私達の高校時代の国語の先生は、ちょっと変わっているというか、教科書を使った「普通」の授業をあまり好まない先生でした。今では高校時代に習ったことなんてほぼ忘れてしまいましたが、一つだけ今でも忘れられない授業があります。それが、その国語の先生がしてくださった授業です。

 

ユーミンの「海を見ていた午後」の歌詞解釈

その授業の内容は、ユーミンの「海を見ていた午後」の歌詞解釈をするというもの。私が通っていた高校は進学校で、いつも宿題は山盛り、ギチギチに詰まった授業を受けていたので、いきなりゆるいお題が与えられて面食らったものです。

さて、その「海を見ていた午後」。別れた恋人とよく来ていたレストランに1人でやってきて、彼のことを思いだす様子を描いた、切なく美しい歌です。

 

歌詞の表す意味を自分の言葉で説明していく

 授業は、歌詞の意味をひとつひとつ自分のことばに置き換えて状況(情景)を説明していくことで進んでいきました。

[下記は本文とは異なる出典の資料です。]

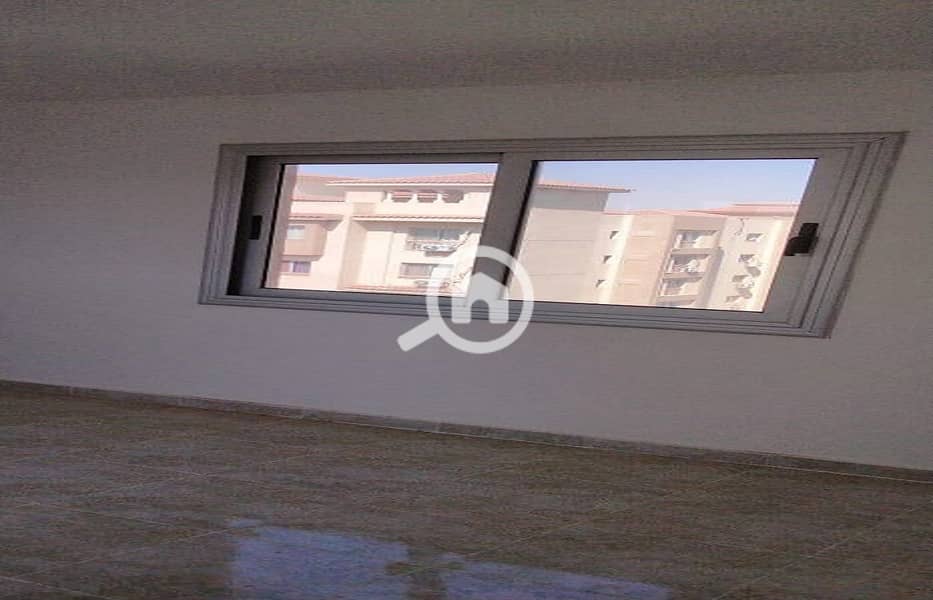 11 e35246c0-6b47-49ff-b907-3bfdbaa1cd8c. jpg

この歌の歌詞は割りと分かりやすい方だし、解釈なんてそんなに違わないだろう、皆同じ情景を思い浮かべているだろう、と思っていたのですが、意外や意外。歌詞の解釈が十人十色でびっくりしたことを覚えています。こんなに人によって感じ方、受け取り方って違うんですね。

 

ソーダ水の中を貨物船がとおる

この授業で一番の争点となったのは、この部分。

ソーダ水の中を 貨物船がとおる

 氷の比喩じゃないかとか、色々と意見は出ました。実は、私も氷の比喩かと思っていた1人でした。でも先生の解釈はこうでした。

坂の上の高台の上にあるレストランから海が見えていて、貨物船が浮かんでいる。私はソーダ水が入ったグラス越しにその貨物船を見ている。

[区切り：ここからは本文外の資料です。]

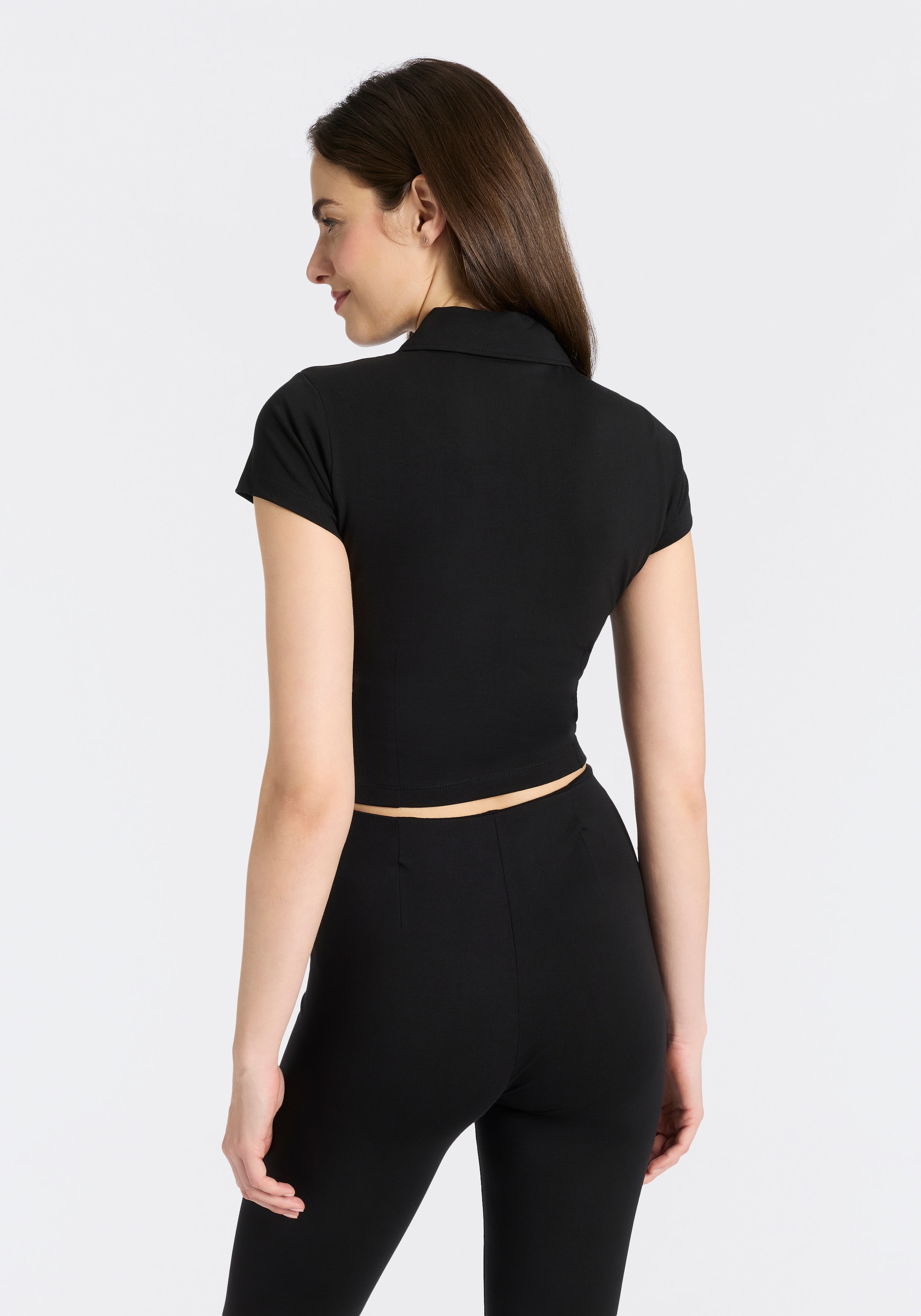 HUGO Blue Kurzarmshirt »Dastaja« mit Kragen & cropped, in verkürzter Länge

この解釈を聞いた瞬間に、この歌詞の持つイメージがガラッと変わって感動したんですよね。 歌の主人公がじっとソーダ水のグラスを見つめていること。きっと長い時間そうしていたであろうこと、が想像できました。

今考えると、これ以外の解釈はないだろう!ってぐらいピッタシなんだけど、その時は浮かばなかったんだよなぁ。でも「山手」も「三浦三崎」もどんなところか知らない田舎の高校生だからしょうがないか~。

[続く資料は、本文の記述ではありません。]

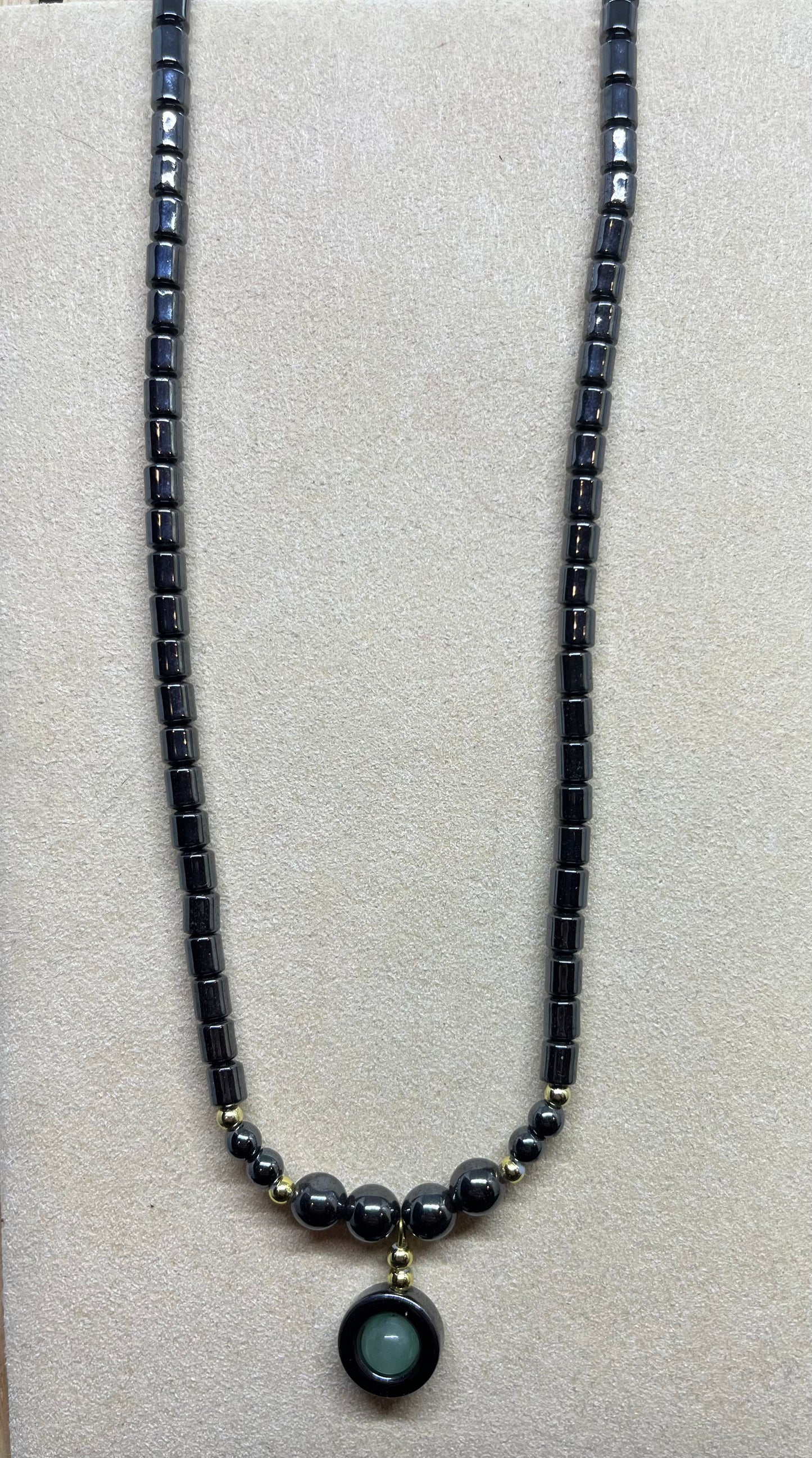 Collier Hématite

この授業を通して、同じ歌詞を聞いても、聞いた人によって受け取り方が違うことに改めて気付かされました。そして、それはどれが正解ってわけじゃないんですよね。もちろん歌詞を書いたご本人にとってはもちろん正解はあるんでしょうけど…なんていうのか、受け取り方っていうのは聞いた人に委ねられている、というのが歌の面白くって深いところじゃないかと思います。色んな人の意見を聞いて、「そんな取り方もあるんだ~」って新しい発見があるのが面白い!

歌詞について作詞家が解説しちゃったらちょっと興ざめです。スピッツの草野さんも「歌詞の解説をするのは野暮だ」というようなことをおっしゃっていますよね。

 

山手のドルフィンに行ってみた

ところで、「海を見ていた午後」の舞台となったレストラン、ドルフィンは実在します。大学生になって関東の大学に進学した私は、どんなところなのか気になって気になって実際に足を運んでみました。JR根岸駅が最寄り駅です。

ドルフィンは、歌詞のとおり丘の上にあります。ドルフィンだけが丘の上にあるわけじゃなく、その辺り一体が丘。海のすぐ近くなのに、平地が少なく急に丘になっていて、そこに建物がびっしりある光景は横浜ならではの光景かも。

実際に行ってみたら、意外と海が見えなくってちょっとがっかりしてしまいました。歌がリリースされた自分から年月が経っていますから開発が進んだんでしょうね。本当に好きな歌は、自分の心の中だけで楽しんでおくのが幸せなのかもしれません。